When companies discriminate, price collusion is less likely, so the discount factor needed to ensure stability must be increased. In such price competition, competitors use delivered pricing to discriminate in space, but this does not mean that firms using delivered pricing to discriminate cannot collude.

Collusion is illegal in the United States, Canada and most of the EU due to antitrust laws, but implicit collusion in the form of price leadership and tacit understandings still takes place.
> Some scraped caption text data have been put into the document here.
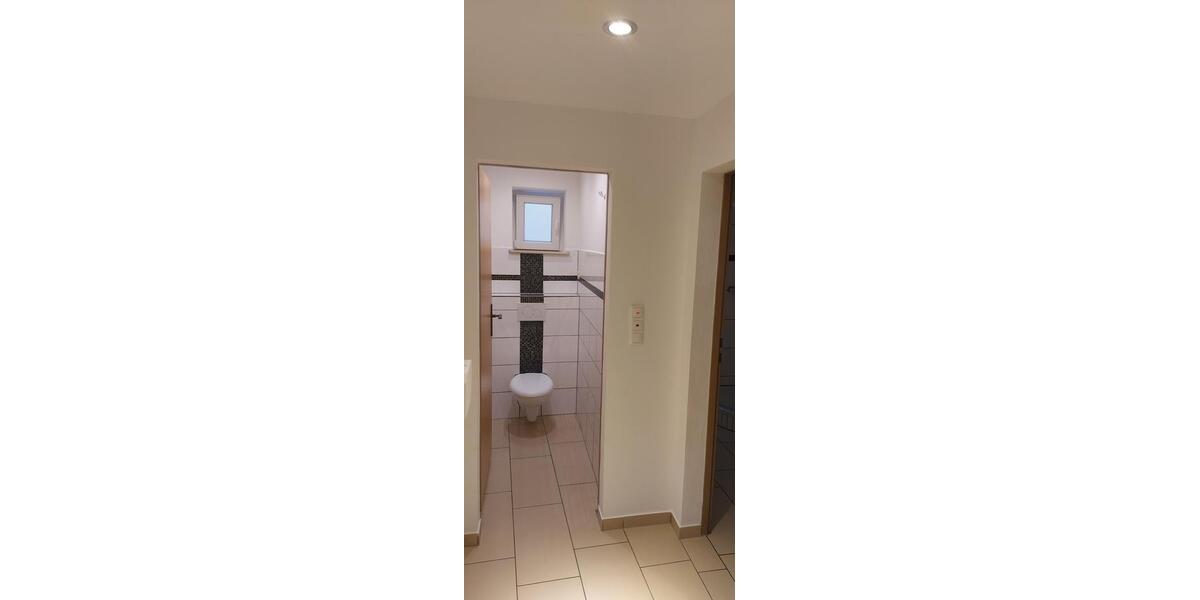 Erdgeschoßwohnung Frontenhausen - 1 Zimmer, 53 m&sup2;, 760&euro; | Angebot:27597838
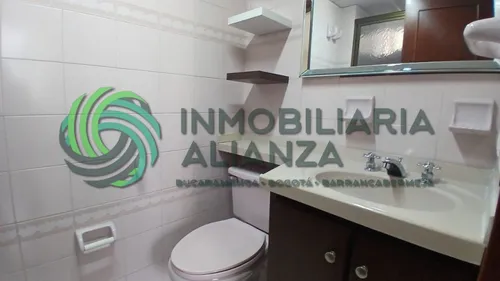 Apartamento En Arriendo En Cabecera Del Llano. Cod A16920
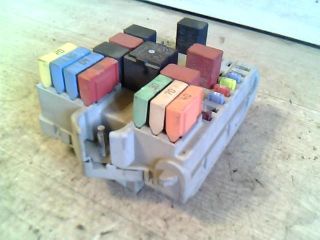 bontott FIAT PUNTO II Biztosítéktábla Motortér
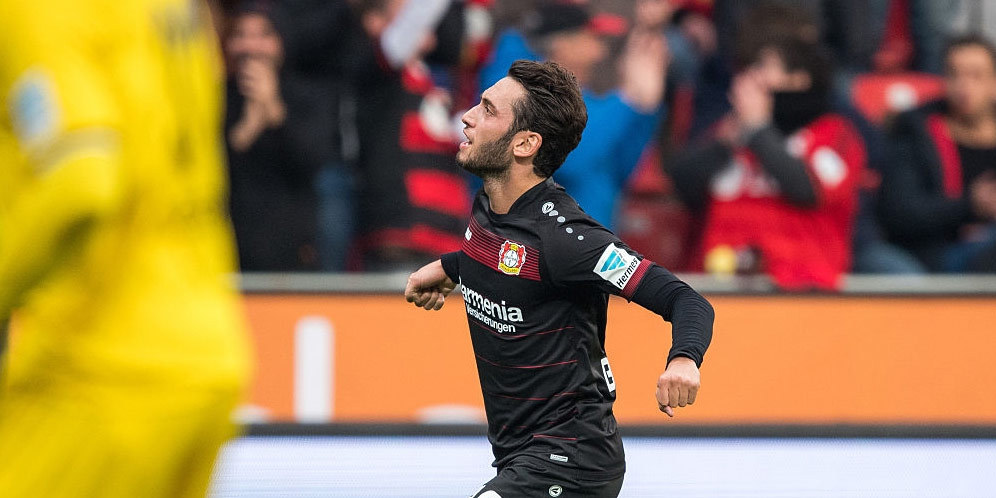 Dihukum FIFA, Calhanoglu Tolak Gaji dari Leverkusen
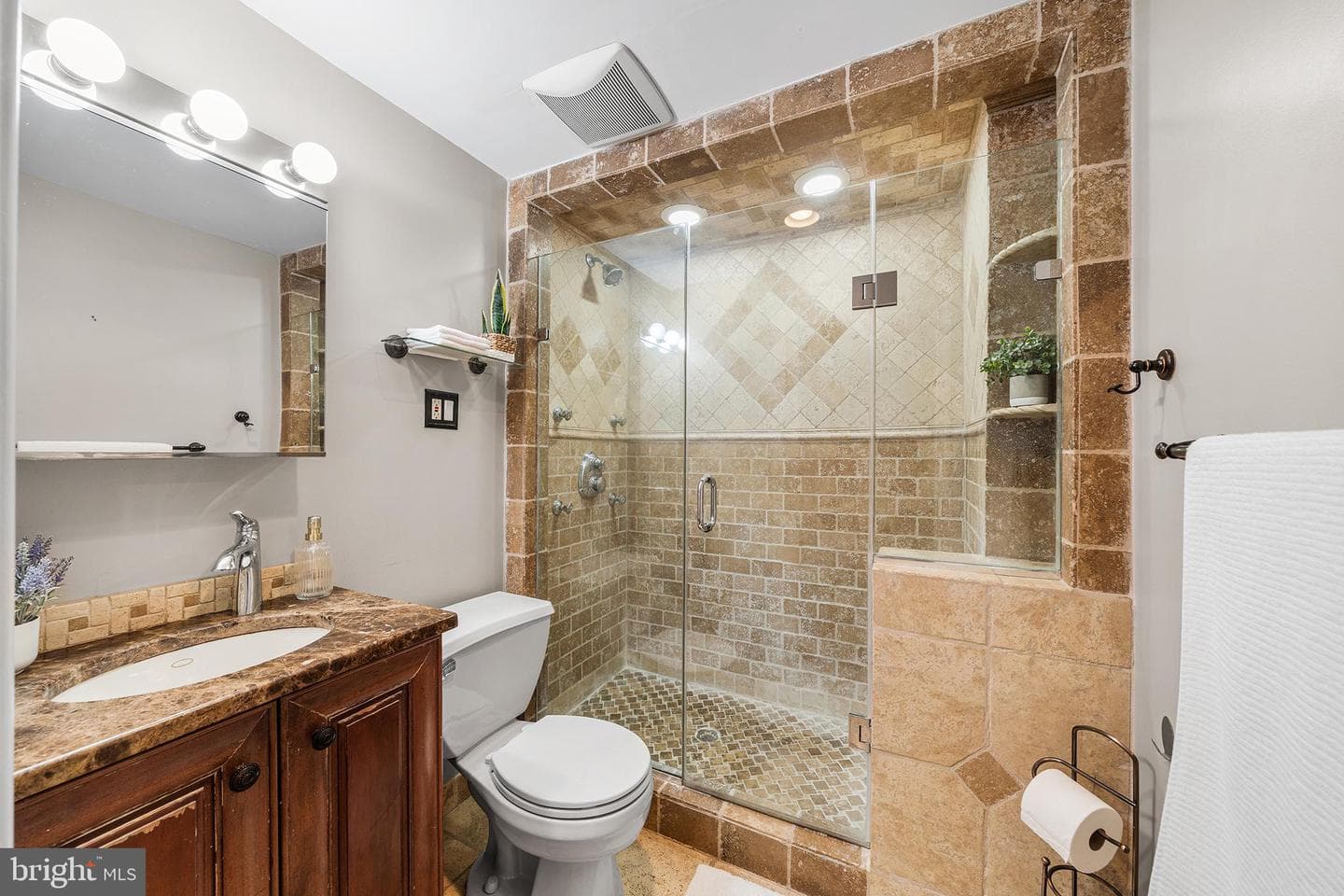 1139 Tasker Street photo 20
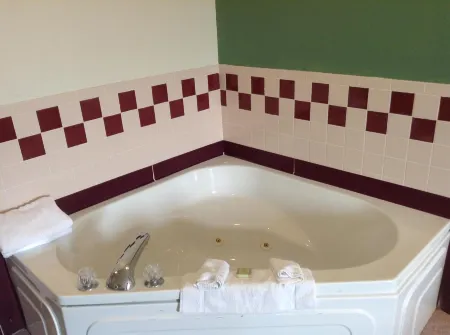 Super 8 by Wyndham Martinsville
Several examples of collusion in the United States include:

 Market division and price-fixing among manufacturers of heavy electrical equipment in the 1960s, including General Electric.
 An attempt by Major League Baseball owners to restrict players' salaries in the mid-1980s.
 The sharing of potential contract terms by NBA free agents in an effort to help a targeted franchise circumvent the salary cap.
 Price fixing within food manufacturers providing cafeteria food to schools and the military in 1993.
 Market division and output determination of livestock feed additive, called lysine, by companies in the US, Japan and South Korea in 1996, Archer Daniels Midland being the most notable of these.
 Chip dumping in poker or any other card game played for money.
Ben and Jerry's and Häagen-Dazs collusion of products in 2013: Ben and Jerry's makes chunkier flavors with more treats in them, while Häagen-Dazs sticks to smoother flavors.
 Google and Apple against employee poaching, a collusion case in 2015 wherein it was revealed that both companies agreed not to hire employees from one another in order to halt the rise in wages.

In the EU:
 The illegal collusion between the giant German automakers BMW, Daimler and Volkswagen, discovered by the European Commission in 2019, to hinder technological progress in improving the quality of vehicle emissions in order to reduce the cost of production and maximize profits.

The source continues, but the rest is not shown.